Gospel and Inclusivity

Our God-given superpowers

Spiderverse reminds us of Christ’s incarnation

by Samuel Son

We are approaching end of January so by now, your Christmas lights are rolled up, ornaments neatly boxed, and scattering of pine leaves vacuumed. My 13-year-old, though suffering from teen cynicism, surprised her parents by protesting our removal of the decorations, saying, “Christmas isn’t over yet!”

For the world, the Christmas season ends with the garbage truck hauling away the evergreen tree. But for Christians, the light of Christmas should never fade for Christmas isn’t a collection of rituals — trees and the attending Christmas Eve services — but a reminder that we live in a time after the birth of Christ. We live in world where incarnation, the impossible miracle of God-human, has happened!

After Christmas comes the season of Epiphany, which  urges us to keep the Christmas light on daily, reminding us that everything we see must always be in the light of incarnation. And outside of the Magi story — kings who upturn their lives to witness the incarnation and whose lives are no longer “at ease here, in the old dispensation,” as T.S. Eliot once said — no modern story tells the worldview-shattering consequence of the incarnation better than the newest Sony cartoon flick, Into the Spiderverse.

 The comic-book inspired story proclaims anyone can be Spiderman. You don’t have to be a man to be a Spiderman (say hello to the coolest teenage girl — Spider Gwen). You don’t have to be American. Meet Penni Parker who is fluent in Japanese and English. You don’t even have to be human. Have you ever heard of Peter Porker? So then, it goes without saying that Spiderman doesn’t have to be white. How can you not root for Miles Davis, a mixed-race preteen whose voice cracks every three syllables, is a product of Brooklyn, snacks on physics, and sprays “dang” good graffiti.

Miles Morales in Sony Pictures Animation’s SPIDER-MAN: INTO THE SPIDER-VERSE.

Spiderverse says there is more than one Spiderperson, which basically sums up the meaning of incarnation. That eternity entered time is to say that the eternal can be found in any time (or dimensions in the case of Spiderverse). If a Jew can be a child of God, then so can a Greek who eats pork (sorry Spider-Ham). This is the gospel, the gift that continues to surprise Paul with every unwrapping, that in Christ, anyone can say “Abba!” (Romans 8). And watch out when the children of God are revealed, for when all the God-people (Spiderpeople) come together, the whole cosmos is going to be renewed!

“For the creation waits in eager expectation for the children of God to be revealed . . . that the creation itself will be liberated from its bondage to decay and brought into the freedom and glory of the children of God” (Romans 8.19-21).
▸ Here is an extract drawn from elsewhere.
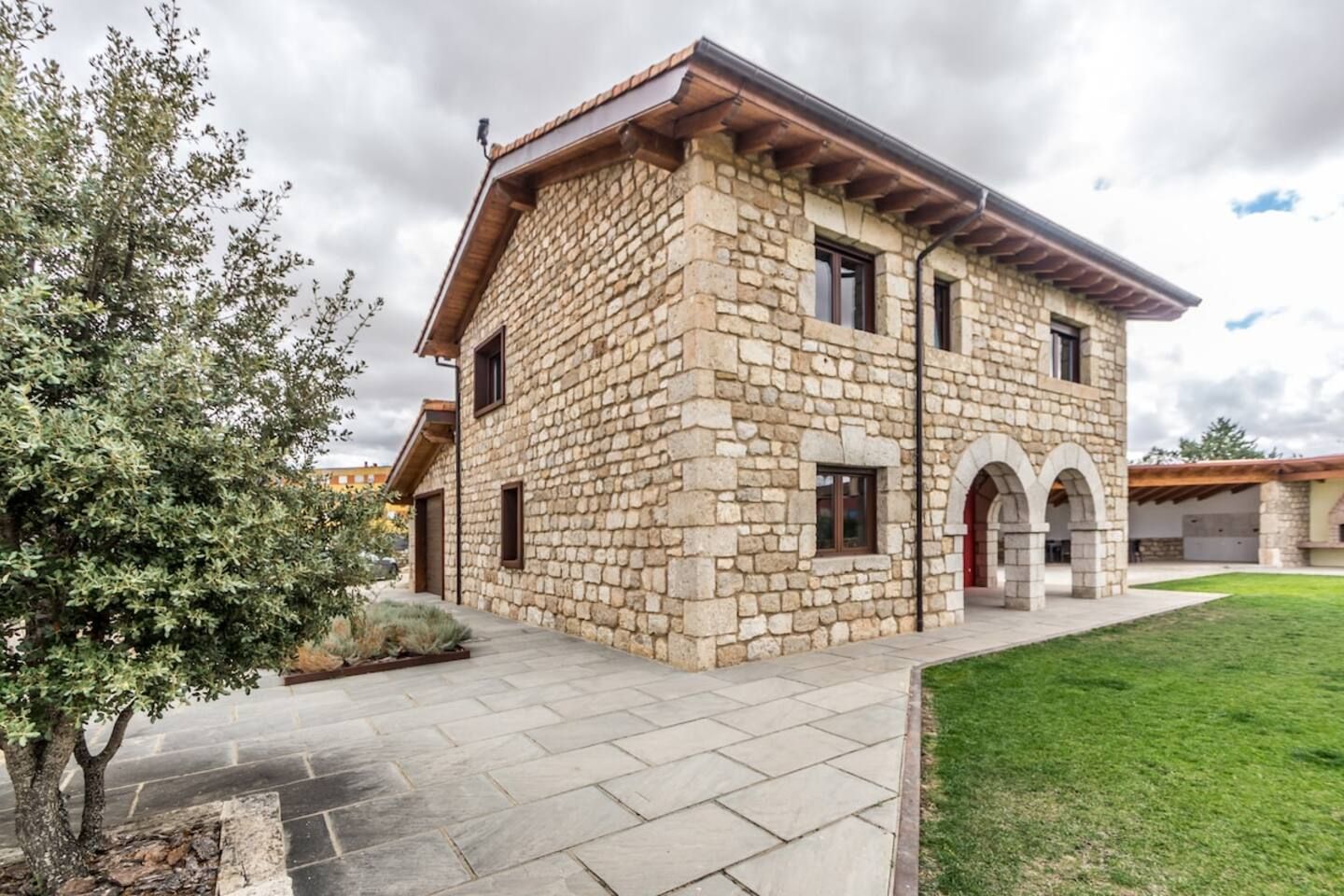 Un edificio de piedra con techo plano, entrada empavedada y un área verde al frente.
This is a superhero plot! Romans 8 is all about heroes and strength, about us, as children of God granted the same power Christ, who are “more than conquerors!”

Gregory of Nazianzus, a fourth-century superhero in his own way, and whose greatest victory was when he chose not to fight over the bishopric of Constantinople, tells it this way: “God became human and poor for our sake, to raise up our flesh, to recover our divine image, to recreate humanity. We no longer observe distinctions arriving from the flesh, but are to bear within ourselves only the seal of God, by whom and for whom we were created. We are to be so formed and molded by Jesus that we are recognized as belonging to his one family.” Right there in the middle of this theologically astute observation is one of the key consequence of incarnation — it destabilized all flesh-distinction.

Yes, we are all little-Christs because we carry the divine spark in us, which is what being Christian literally means. Ethnicity, and any other categories we erect to exclude, are not requisites to have your own origin story of how God chose you to be the friendly neighborhood “Emmanuel.” For Miles Morales, Gwen-Steffan, Peter Porker (and all the other Spiderpeople) it was a radioactive spider. For us, it is the Holy Spirit injected in our blood by Word and Sacrament. When Peter sees Cornelius, a hated Roman occupier, speaking in tongues, well who can deny him an identity that is already his?! Splash the waters of baptism (make him a web-shooter), he’s one of us!

All these Spiderpeople in this new film thought they were the only Spiderperson, until they met others who had their same origin story and the same gifts, yet used in ways as varied as each person before them.

The church hasn’t always done well with differences. We feared variation thinking it threatened the truth of the Gospel. Well, it turns out, diversity is the very heart of the Gospel, and the more we see Christ in the other, the more we are remembering that it is Christmas every day. We live in a world where God continues to live in flesh. Emmanuel — God with us!